A dollar is a dollar―or so most of us believe. Indeed, it is part of the ideology of our time that money is a single, impersonal instrument that impoverishes social life by reducing relations to cold, hard cash. After all, it's just money. Or is it? Distinguished social scientist and prize-winning author Viviana Zelizer argues against this conventional wisdom. She shows how people have invented their own forms of currency, earmarking money in ways that baffle market theorists, incorporating funds into webs of friendship and family relations, and otherwise varying the process by which spending and saving takes place. Zelizer concentrates on domestic transactions, bestowals of gifts and charitable donations in order to show how individuals, families, governments, and businesses have all prescribed social meaning to money in ways previously unimagined.
The title is a bit misleading: rather than being an analysis of "alternative" currencies per se, it's largely a history of US welfare policy between 1870 and 1930. The introductory chapter does take sociology to task for believing - from Marx on - shibboleths about money as an all-pervasive force of rationalization, stripping affect from human relations in favor of a unitary, uniform means of calculating market price.
The case material - which takes up more of the book than is the norm for academic monographs - is fascinating and exceptionally well-written. I breezed through the entire book in a morning, despite an almost complete lack of interest in the history of US welfare practices.
One significant shortcoming of the book is acknowledged by the author: while a significant portion of her argument addresses gendered and class differences in the nature and treatment of money, ethnicity gets a brief nod in the final chapter, and race isn't addressed at all. A book at least this long could be written on the history of money with respect to Native Americans, and probably many more on that of African Americans in the two generations after the Civil War. Obviously, no one book can address everything, but at least some acknowledgement that these other cases might be materially different, or some contrast on how authorities' attitudes towards welfare differed across ethnic/racial categories in the 19th Century would greatly have benefited the work.
I'm looking forward to reading more of Zelizer: this was an early work, and she seems to have gone in interesting directions in the 20 years since this was written.

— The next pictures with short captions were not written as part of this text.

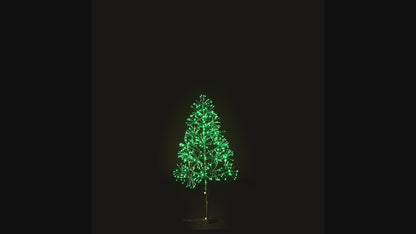 4' Green Starburst LED Tree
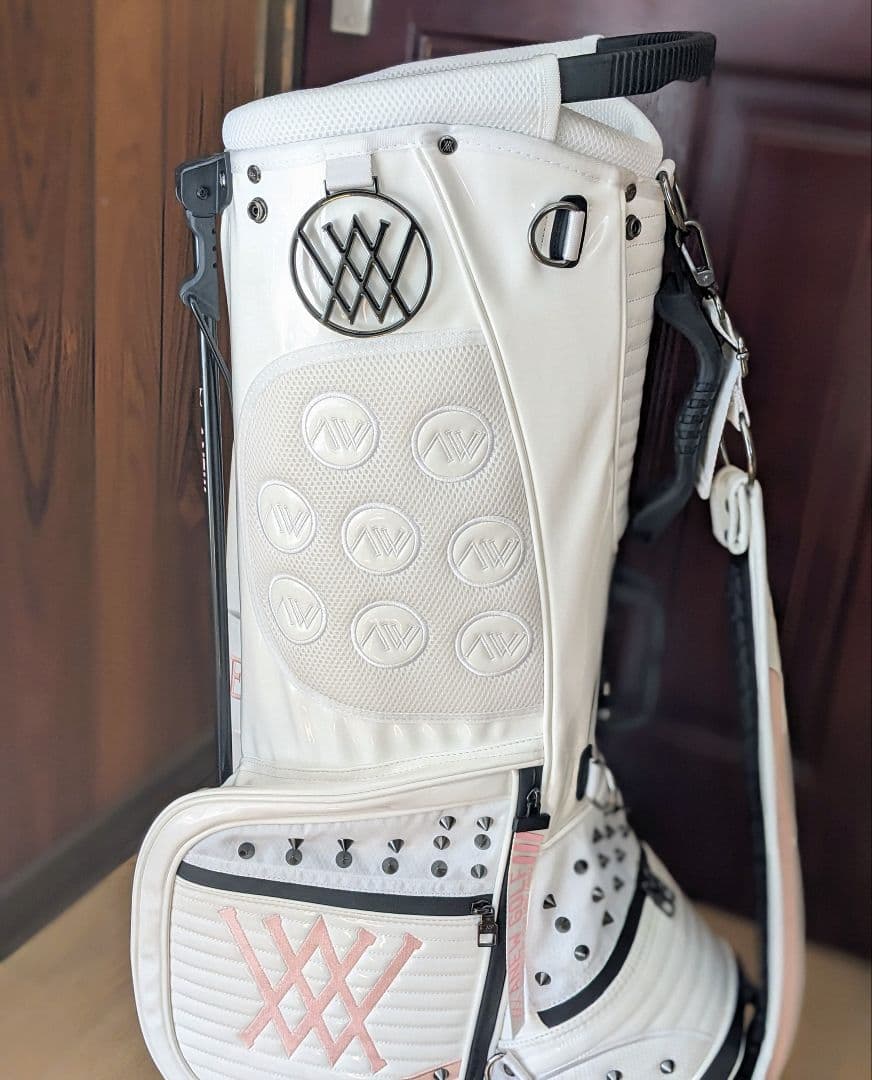 ANEW （美品）⭐️ スタンドキャディバッグ　透明カバー、ベルト未使用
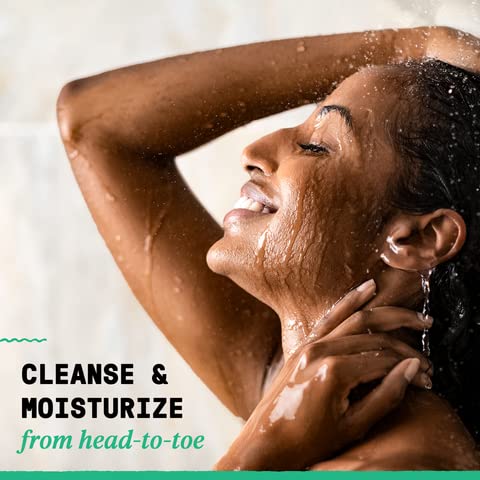 Alaffia champú líquido para cabello limpio y suave.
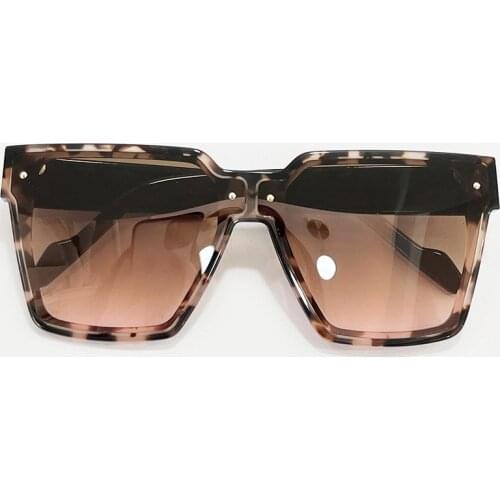 Oversized Square Sunglasses Women Luxury Vintage One Piece Big Sun Glasses Shades For Women Zonnebril Dames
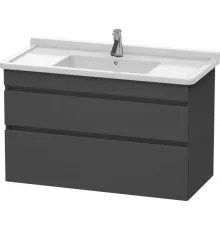 Тумба графит матовый 100 см Duravit DuraStyle DS648904949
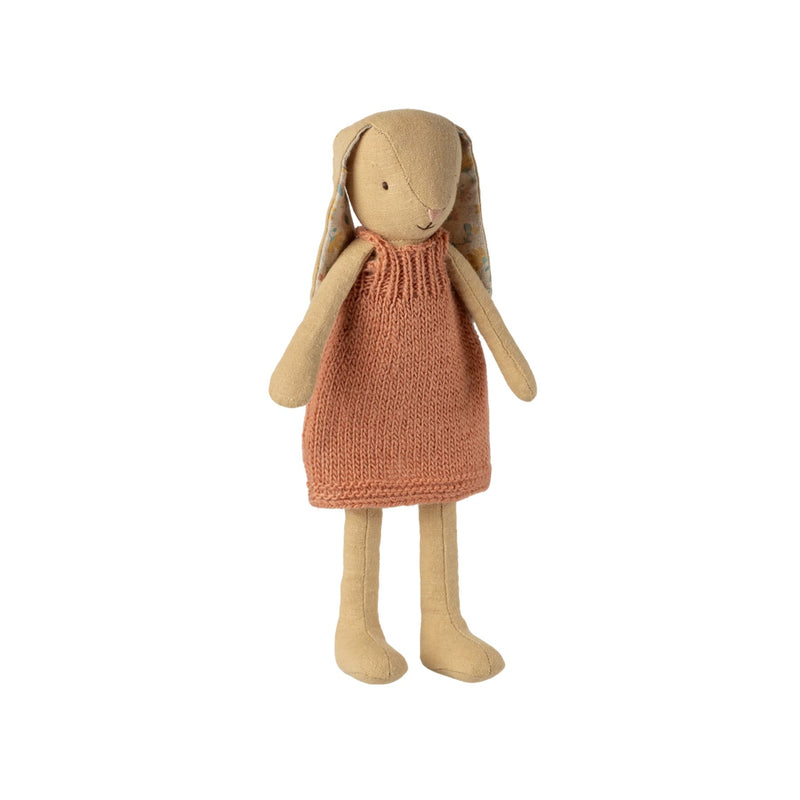 Bunny Size 2, Cream Yellow - Knitted Vintage Rose Dress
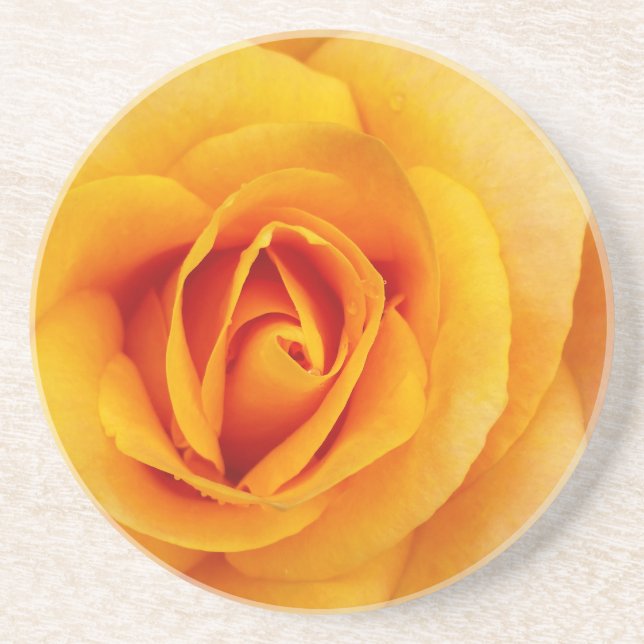 Posavasos flor de rosa amarillo (Frente)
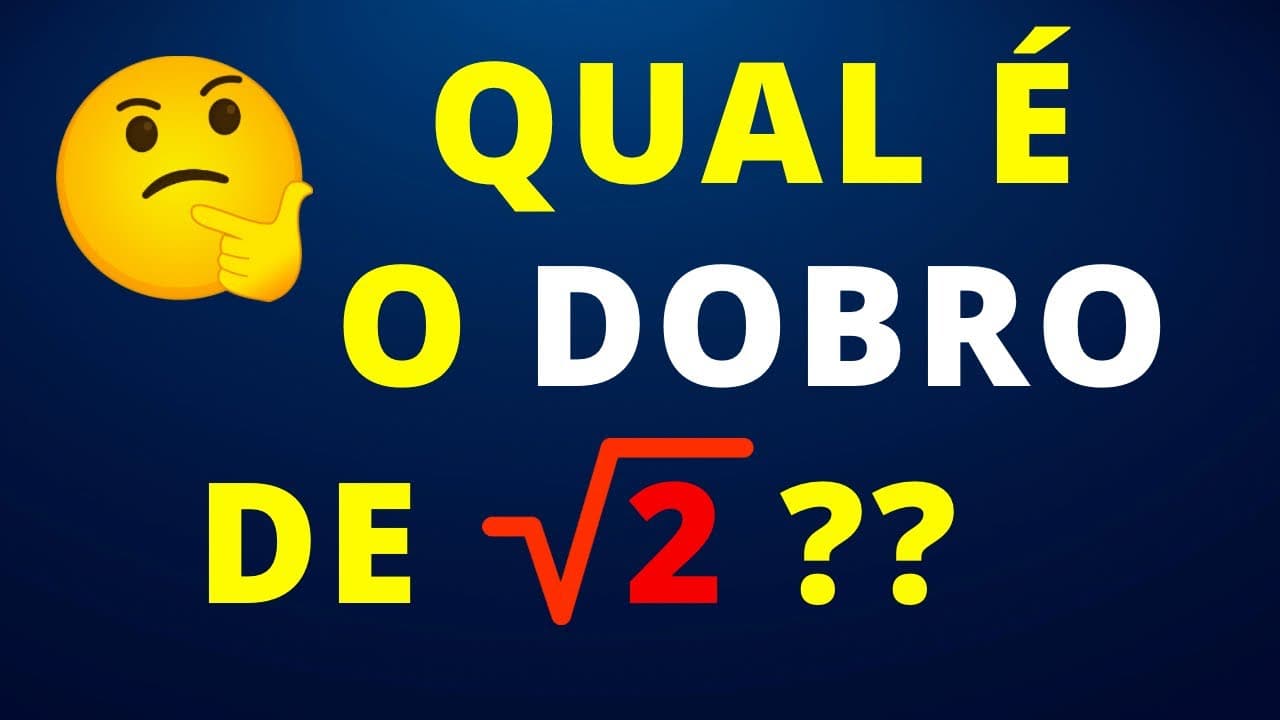 Thumbnail: 😱SABE QUAL SERÁ O RESULTADO ?? Qual é o dobro da raiz quadrada de 2?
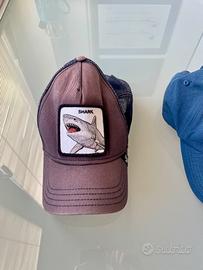 Cappellino Goorin Bros. blu patch “Shark” e retina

Luckily, sociology has always a card on its sleeve, ready to wake you up from the sleep in which we, its professionals, are sometimes immersed. In a classic essay, Viviana Zelizer builds an outstanding and mind-blowing research to demonstrate a simple fact: money is not the all-evening factor of social universalizing that early XXth century theorists, like Simmel, thought it would be. Far from it, multiple currencies and coining of monies spread from everywhere. The book concentrates on three main themes: domestic currencies (occurring inside the homes), gift monies and poor relief/ aid. Analysing the USA from 1870 to 1930 and showing a wonderful scholarly handle of the literature (theoretical and empirical), like it always happens with good books The Social Meaning of Money: Pin Money, Paychecks, Poor Relief, and Other Currencies hoards many secrets to those researching the most dissimilar subjects of social life.
While academic in tone, and therefore a little hard to read on places, this is a terrific book about how ordinary people think about money: where they get it, how they use it, how they decide or use it. It’s a useful counterpoint to the many books that talk about the “economy” as if people always make rational, logical decisions about money. This book spawned a fabulous discussion in one of my book clubs.
Overall, I thought this was a wonderful and well researched book on the social life of money. I especially loved the chapters on the way money changes its meaning when it enters homes and relationships. I also enjoyed the chapter on welfare and charity. I found some parts a little repetitive but it is still a great book to encourage critical thinking about how each dollar or pound is not all alike. We make many different kinds of monies to manage our financial lives.